ZAR/USD: 15.90 ZAR/EUR: 18.93

The Next Chapter of Capital Mobility

Posted on 26 November 2025

By Gilbert Punt, Chief Executive Officer at Kuda FX

“The world is not going to adapt to you – you’re going to have to adapt to the world.”
- Warren Buffett, 2025 Annual Meeting

At the Fairtree Wealth Nexus event, we explored how regulation, technology, and capital mobility are reshaping the flow of wealth across borders.

Under the theme “Aligned Wealth. Lasting Legacy.”, the event brought together leading voices from the wealth management, investment, and financial services sectors to unpack the dynamics shaping South Africa’s financial future - from exchange control and stablecoins to the landmark Standard Bank v SARB judgment redefining how capital can move in a digitised world.

Wealth doesn’t just grow - it moves.
And in an economy where borders blur faster than regulators can redraw them, how wealth moves has become one of the most important questions in modern finance.

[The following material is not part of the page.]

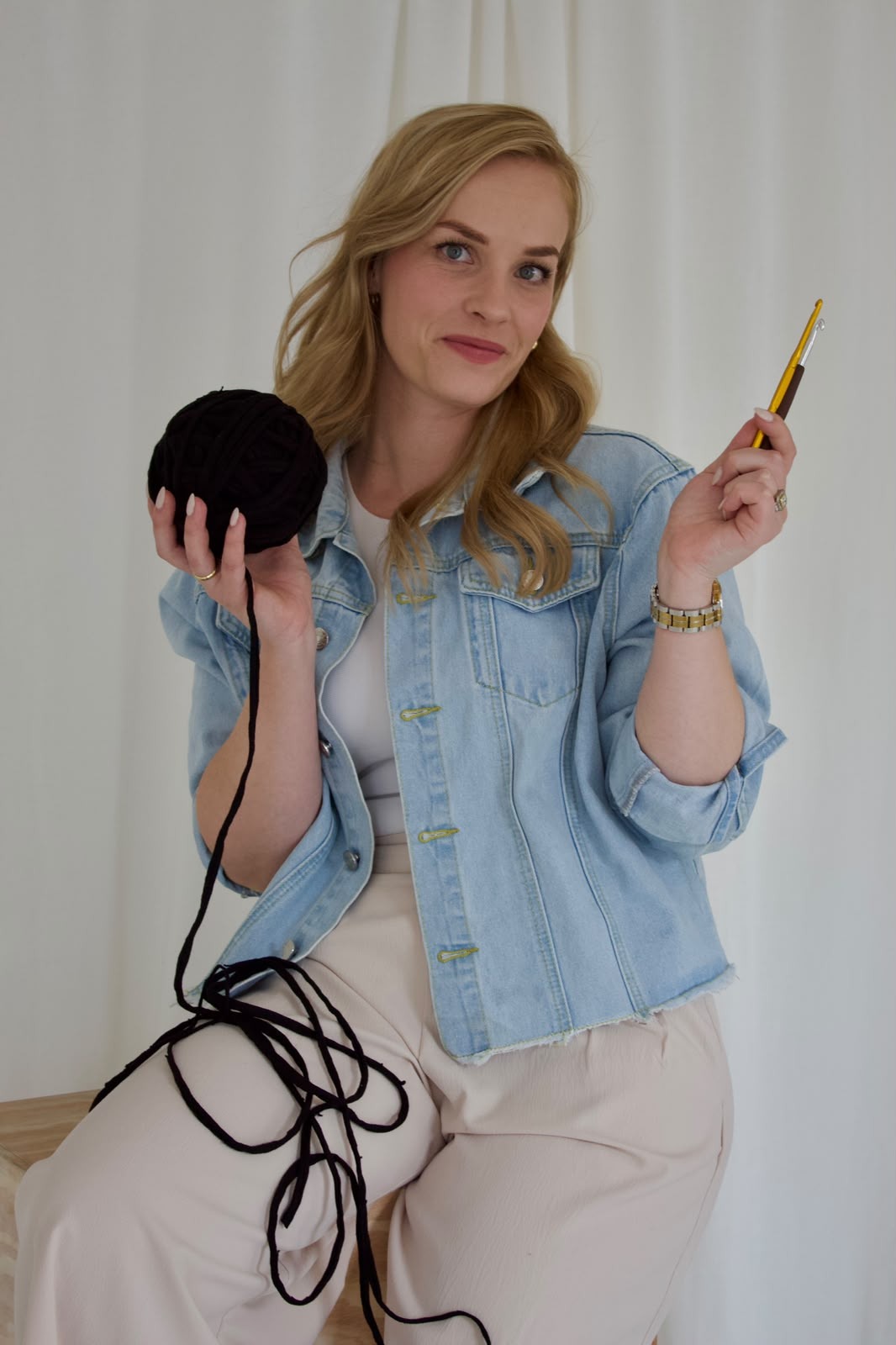 The maker behind El-Za, crochet hook and yarn in hand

For decades, money movement has been slow, expensive, and wrapped in red tape. But the rails beneath the system are changing - and with them, the balance between control, compliance, and opportunity.

The End of Slow Money

For half a century, cross-border finance has relied on SWIFT, a network built for reliability, not speed.
A single transaction can touch five banks, three time zones, and a handful of fees - all to complete what should be a simple transfer.

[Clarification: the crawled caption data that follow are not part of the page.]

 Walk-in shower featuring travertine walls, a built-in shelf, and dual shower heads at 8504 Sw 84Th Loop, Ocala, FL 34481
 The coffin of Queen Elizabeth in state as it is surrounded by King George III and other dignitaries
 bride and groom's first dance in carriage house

Meanwhile, a new infrastructure has quietly emerged.
Stablecoins - digital tokens backed by U.S. dollars or Treasuries - now move billions of dollars daily across blockchain networks, often settling in seconds.

They aren’t speculative cryptocurrencies. They’re tokenised representations of fiat currency - programmable, transparent, and borderless.
For the first time, the plumbing of the global financial system is being upgraded not by banks, but by code.

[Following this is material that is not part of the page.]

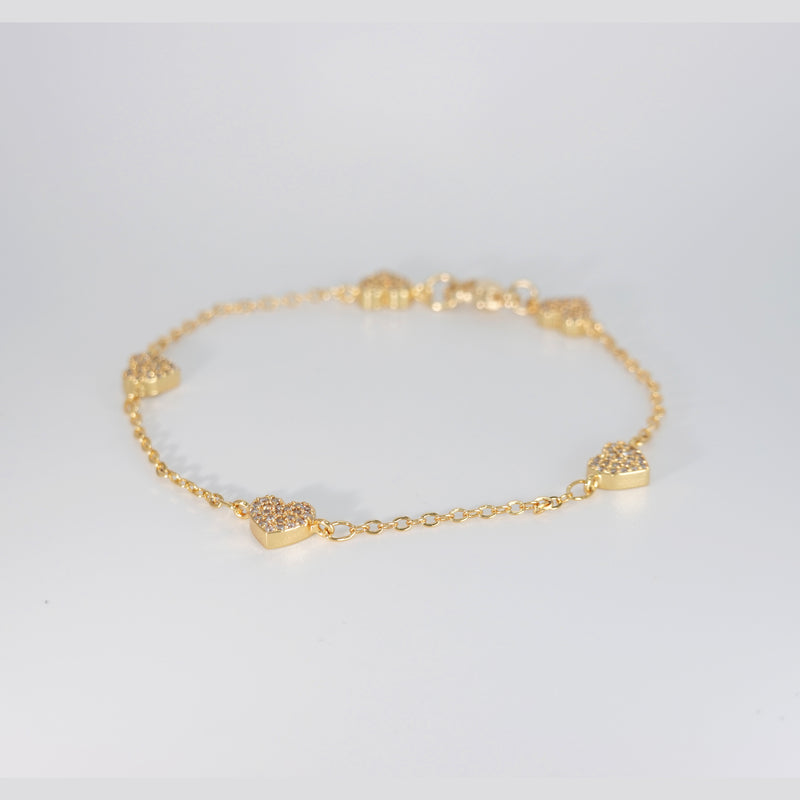 Rosebud Bracelet: Delicate heart-shaped motifs adorned with shimmering stones, epitome of romantic allure.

Exchange Control Meets Digital Velocity

South Africa’s exchange-control framework has long balanced openness with prudence. Every rand that leaves or enters must do so with purpose, through an authorised dealer.
That discipline has served the country well - but it’s increasingly tested by the speed and nature of digital value.

The Standard Bank v South African Reserve Bank (2025) judgment brought this tension into sharp relief.
SARB had treated large Bitcoin remittances as “unauthorised exports of capital” under Regulation 10(1)(c), issuing forfeiture orders.
The High Court disagreed, finding that Bitcoin is neither money nor capital under the Regulations and calling SARB’s interpretation a “fundamental misdirection.”

The Court’s message was clear: the law cannot be stretched to fit technologies it doesn’t yet define.
It was less a crypto victory than a wake-up call for policymakers - that financial innovation moves faster than legislation, and that regulation by analogy rarely ends well.

Africa’s Leapfrog Moment

Across the continent, the same fault lines - and opportunities - are emerging.

Capital remains trapped in countries with strict currency controls and weakening exchange rates. Yet, Africa has a pattern of leapfrogging slow infrastructure.
We skipped landlines for mobile phones. Now, we may skip traditional correspondent banking for digital-dollar rails that settle instantly and transparently.

From Nigeria to Kenya to South Africa, stablecoins are already being used for trade, remittances, and investment.
They aren’t replacing banks; they’re filling the gaps banks can’t reach fast enough - offering access to liquidity and hard-currency stability in markets that have long been constrained.

If harnessed rather than resisted, this could become the continent’s next great equaliser: programmable money that is both compliant and accessible.

Regulation Catches Up

SARB and the National Treasury are now preparing a new framework for cross-border crypto-asset transactions, expected in 2025.
It will clarify how licensed intermediaries can handle these flows and what reporting obligations will look like.

The direction of travel is clear:
banks and fintechs will continue to merge old and new rails, while compliance evolves from prohibition to supervision - focused on transparency, not restriction.

In short, the next era of capital mobility will be smarter, faster, and more accountable - not less regulated.

A New Definition of Alignment

At this year’s Wealth Nexus event, one theme resonated: Aligned Wealth. Lasting Legacy.
Because aligned wealth isn’t just about assets under management -
it’s about ensuring that what you’ve built can move freely, compliantly, and efficiently wherever opportunity calls.

True alignment means that strategy, structure, and regulation all point in the same direction.
It’s what transforms transactions into strategy, and strategy into legacy.

And as the rails of global finance evolve, alignment isn’t just a best practice - it’s a survival skill.

The Quiet Revolution

The next decade of capital mobility won’t be marked by headlines of disruption, but by quiet convergence.
Traditional institutions will adopt digital infrastructure. Regulators will modernise frameworks. And investors will expect their wealth to move as efficiently as information does today.

Money flow is becoming borderless - but legacy will still depend on how aligned we remain.

Because in the end, it’s not how much wealth you have that defines your future - it’s how well it moves.